MONTGOMERY, Ala. (AP) - Alabama Gov. Robert Bentley’s massive prison construction proposal - the centerpiece of the embattled governor’s 2016 agenda - failed late Wednesday night in the final minutes of the legislative session.

Lawmakers concluded the session at midnight before Bentley could get a scaled-back bill $550 million bill, an attempt at a last-minute compromise, approved by the House of Representatives. House Speaker Mike Hubbard said supporters did not have enough votes to cut off an inevitable filibuster and did not try for a vote as the clock wound down.

Hubbard said the outcome was disappointing because the problems in the state prison system will continue. But he said many members were uncomfortable with the rapid changes to the bill on the session’s last day.

“I don’t want to pass something that looks like it was figured out on the back of an envelope in two hours. This is something we had worked on for months and were comfortable the numbers worked,” Hubbard said.

The governor, in a push to replace the state’s crowded and aging prisons, proposed an $800 million bond issue to build three new mega-prisons for men housing up to 4,000 inmates each and one new women’s prison. Most existing prisons would close under the plan.

After some lawmakers questioned the cost and scope, a conference committee on Wednesday proposed a smaller $550 million plan to build two new prisons for men and one for women.
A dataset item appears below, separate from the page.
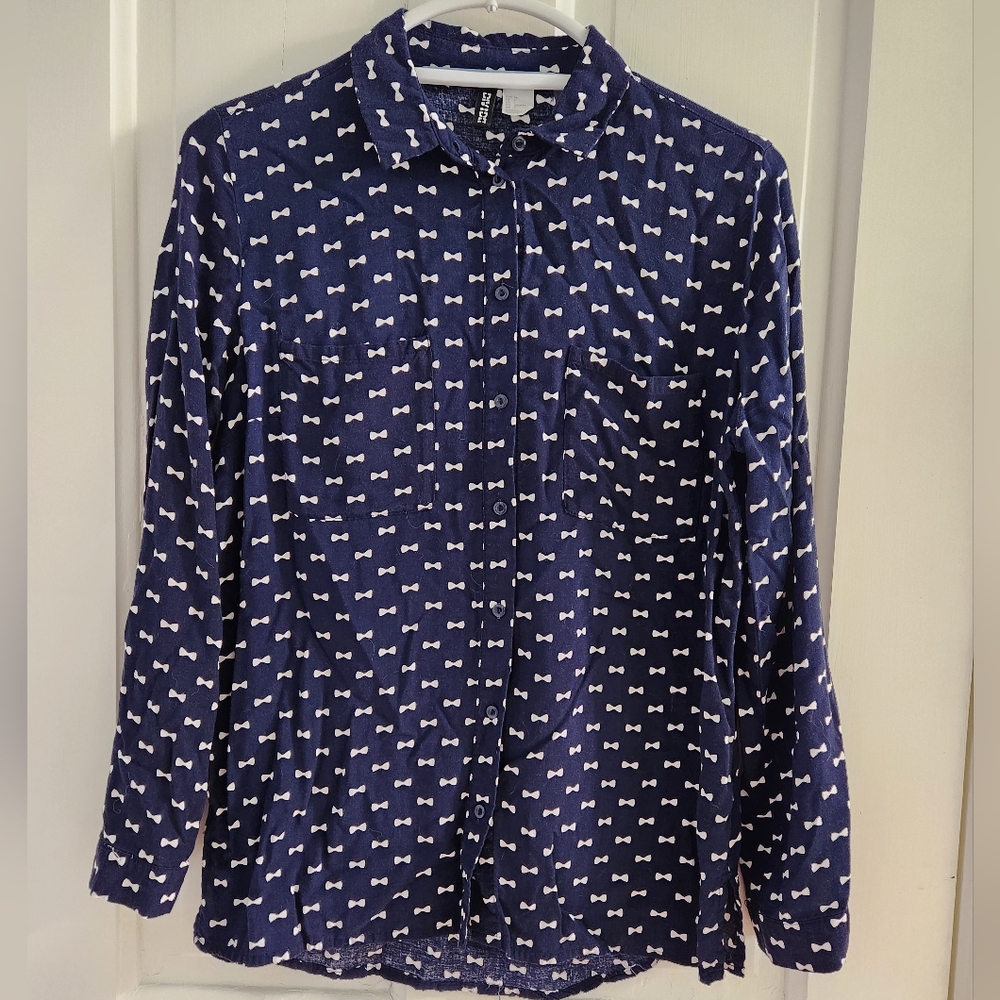 Divided By H&M Button Down Long Sleeve Bow Tie Pattern Women's  Shirt Size 6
Senators voted 23-12 for the plan, before it faltered in the House.

The eleventh-hour failure, just hours after supporters were buoyed with optimism over the apparent compromise, was a political defeat for the governor. Bentley has struggled to shake off a scandal after admitting to making sexually charged remarks to a former top aide. Some House members made a long-shot call for Bentley’s impeachment in the wake of the scandal.

The governor’s press office did not have an immediate response to the bill’s demise.
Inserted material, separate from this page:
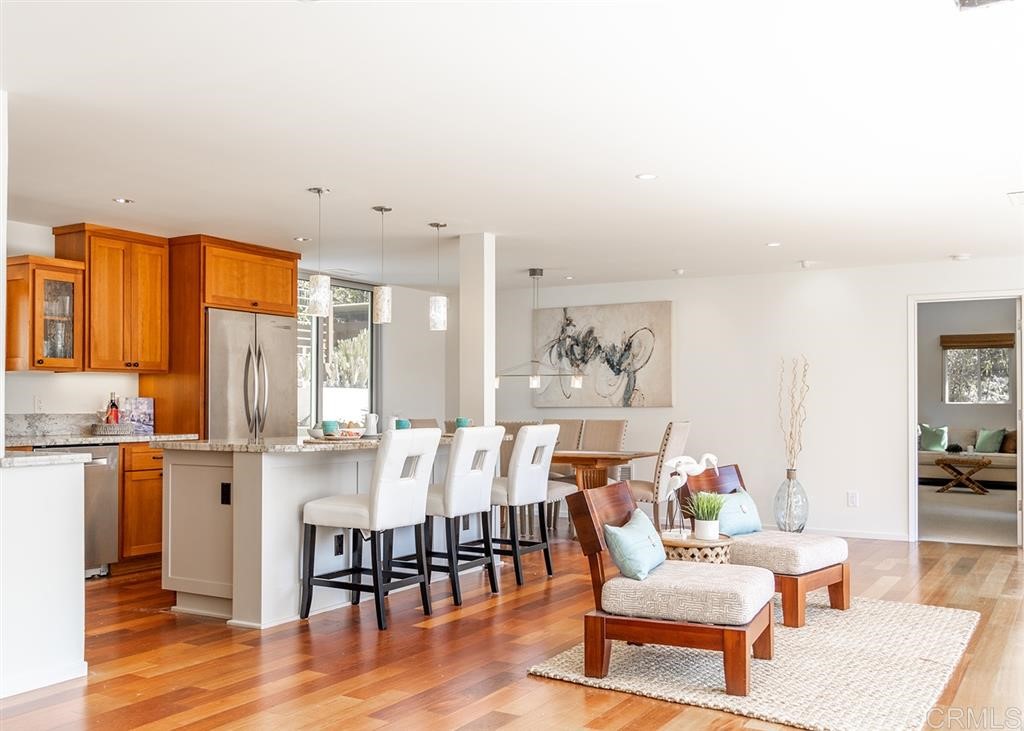 560 Orchid Lane Del Mar, CA 92014 - Photo 8 of 25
Rep. Mike Jones, who handled the prison bill in the House of Representatives, said Alabama is in danger of being ordered by a federal judge to fix prison crowding and outdated facilities that do not comply with the American Disabilities Act.
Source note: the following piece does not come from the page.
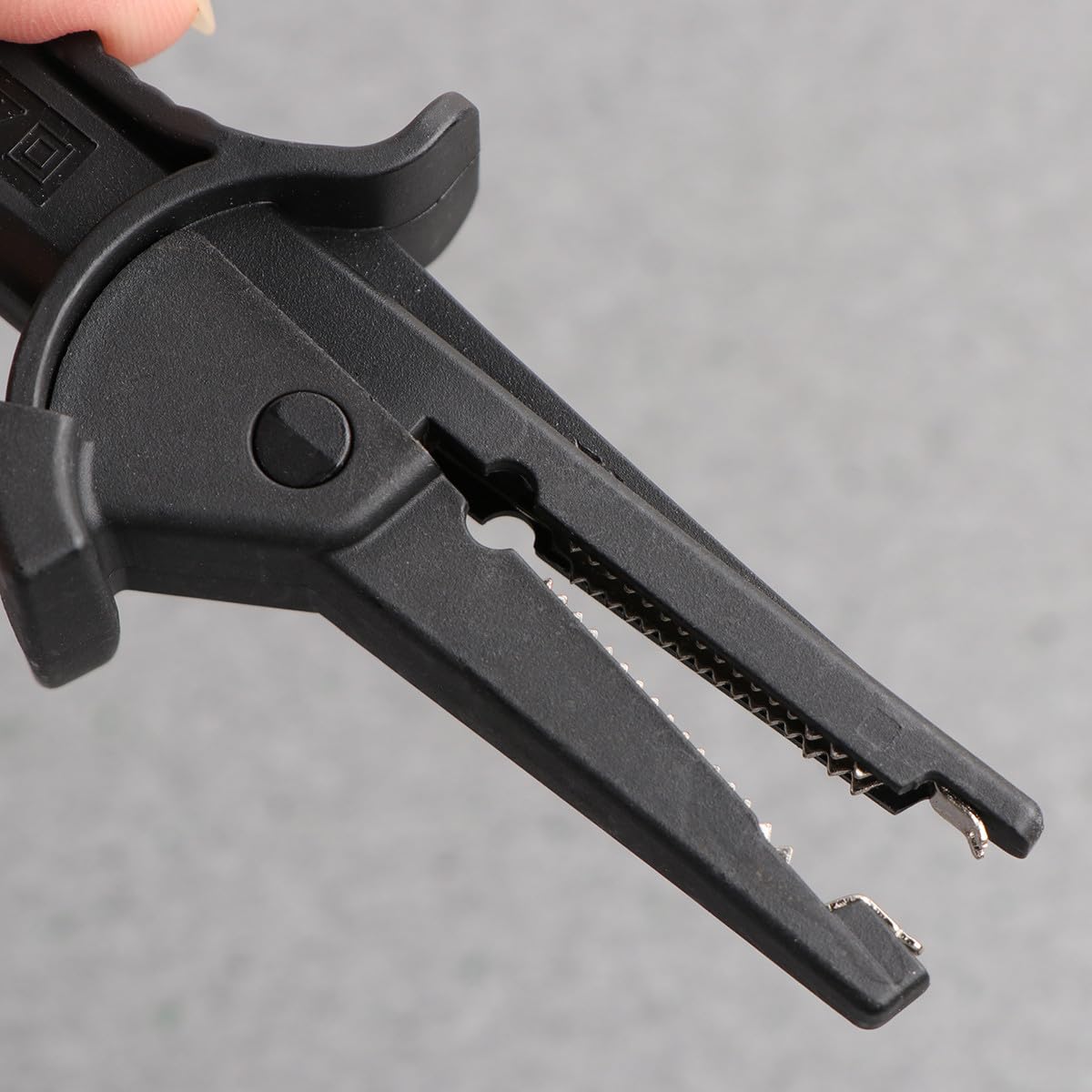 Pinza De Cocodrilo Con Aislamiento Total Y Enchufe De 4 Mm: Fuerte Agarre Para Pruebas Eléctricas (Negro)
“It’s not a matter of whether we are going to spend a lot of money on prisons. We are going to spend a lot on prisons. It’s whether it’s done by federal court decisions, or our own decisions,” said Jones, R-Andalusia.

Alabama prisons house nearly twice the number of inmates they were originally designed to hold. State prisons in January housed more than 24,000 inmates in facilities originally designed for 13,318. The debate on the prison construction bill came after a March riot at William C. Holman Correctional Facility. Inmates lit fires, seized control of a dormitory and stabbed the prison warden.

Bentley had announced the massive project in his 2016 State of the State address in February and took reporters on tours of overcrowded state prisons.

Sen. Phil Williams, R-Rainbow City, said he detested the idea of borrowing $800 million, but supported the bill because corrections officers face dangerous conditions when they go to work in state prisons

“We have guards who are in crisis every single day,” Williams said.

Democrats in the Alabama Senate tried to block the bill from coming to a vote, questioning who might make money from the construction and bond work, and criticizing the policy choice to spend hundreds of millions of dollars of prisons while not meeting the Alabama Medicaid Agency’s funding request.

“There are a lot of people who will dance all the way to the bank on this issue,” Sen. Quinton Ross, D-Montgomery, said.

“Why can’t we find the zest and zeal to find funding for Medicaid like you have the zest and zeal for this?” Sen. Vivian Davis Figures, D-Mobile, said.